Fashioning the Black Body
March 15 – May 4, 2019
Fashioning the Black Body surveys how fashion, style, and the garment act as devices of investigative storytelling. The exhibition is curated by Dario Calmese and includes artists Bisa Butler, Soly Cissé, Renee Cox, David Antonio Cruz, Kenturah Davis, Hassan Hajjaj, Basil Kincaid, Mario Moore, Chris Ofili, Fahamu Pecou, Katherine Simóne Reynolds, Jacolby Satterwhite, Stan Squirewell, Mickalene Thomas, and Kehinde Wiley.
As a form of identification, self-actualization, and agency, the select artists engage the fashion object from various points of its ontogeny.
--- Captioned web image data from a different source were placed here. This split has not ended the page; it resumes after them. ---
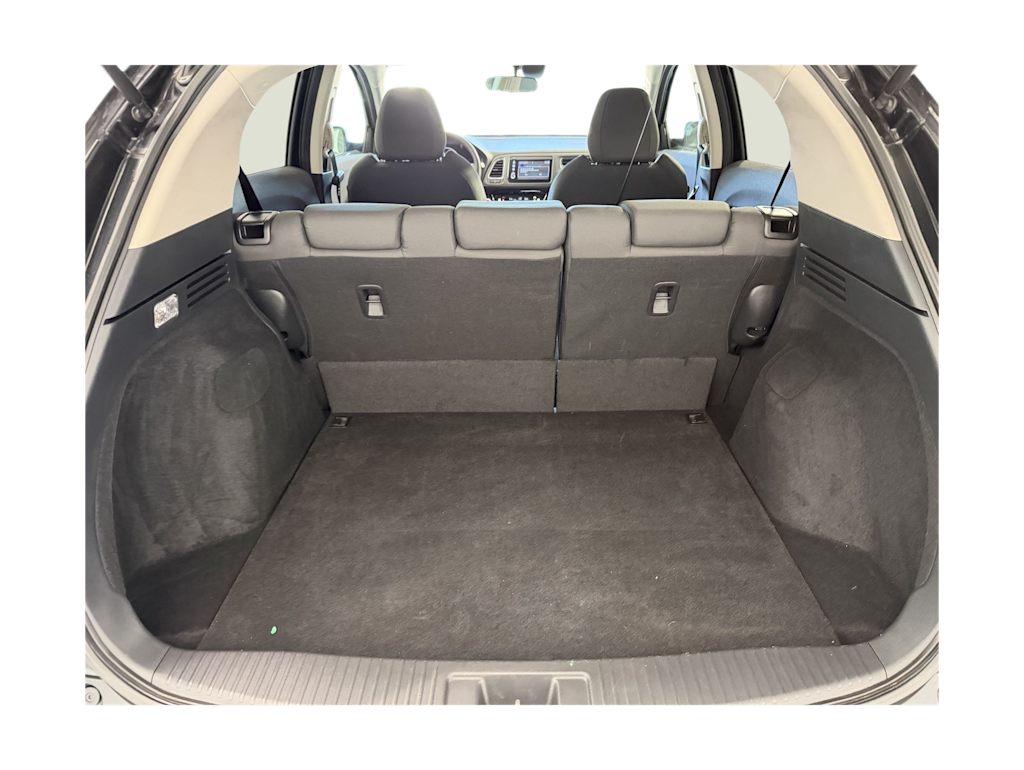 Thumbnail: 2019 Honda HR-V - 15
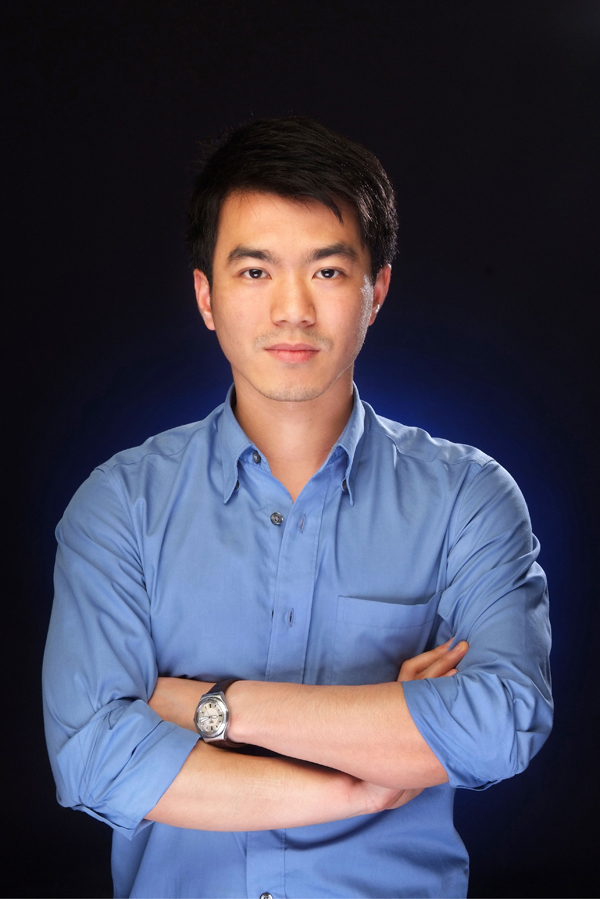 mophie 中國區運營總監 柯成剛 mophie 中國區運營總監 柯成剛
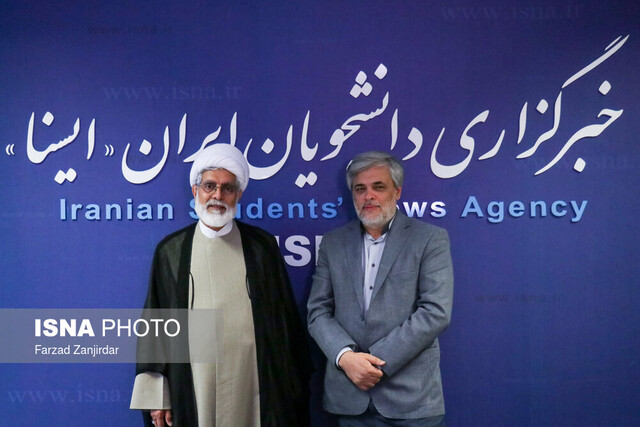 دست بالای اصولگرایان در انتخابات یا اعتماد مردم به اصلاحطلبان؟ میزگرد با حضور محسن رهامی و محمد مهاجری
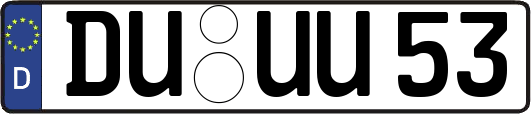 DU-UU53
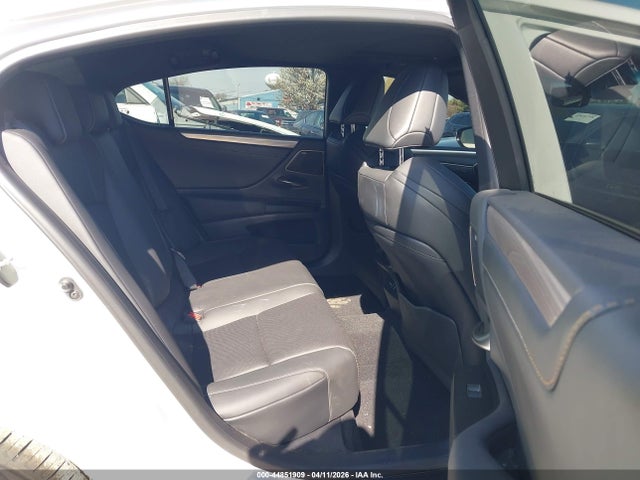Продаж на аукціоні авто 2021 Lexus Es 350 F Sport, vin: 58AGZ1B12MU092215, номер лоту: 44851909
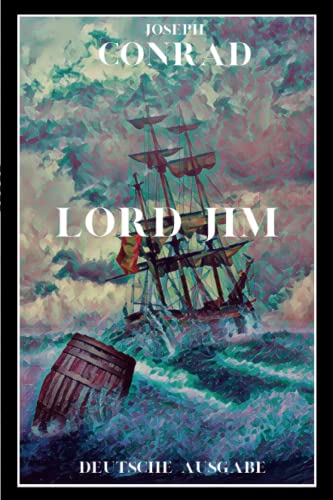 Lord Jim: Deutsche Ausgabe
In turn, Fashioning the Black Body becomes a dialogue about space: the space between black skin and cloth, the space that exists between the historically commodified and fetishized black body, and the space claimed for one’s self-defined identity.
“Far from the reaches of frivolity–a domain to which fashion is usually relegated–Black people have continually engaged the fashion object beyond its utilitarian functions into a device of pride, protection, resistance and camouflage,” states curator Dario Calmese.
Through the work of these artists, the Black body is transubstantiated into a semipermeable membrane between the gaze and the contents it holds–and more concretely–the tenuous distances between who we are, who we want to be, and how we are perceived.
Dario Calmese is an artist working in photography whose practice includes live performance, video, and text. He received his master’s in photography from School of Visual Arts and his bachelor’s in psychology at Rockhurst University in Kansas City. Classically trained in the performing arts, he uses his knowledge of movement, gesture, and psychology to create characters and narratives that explore history, race, class, and what it means to be human.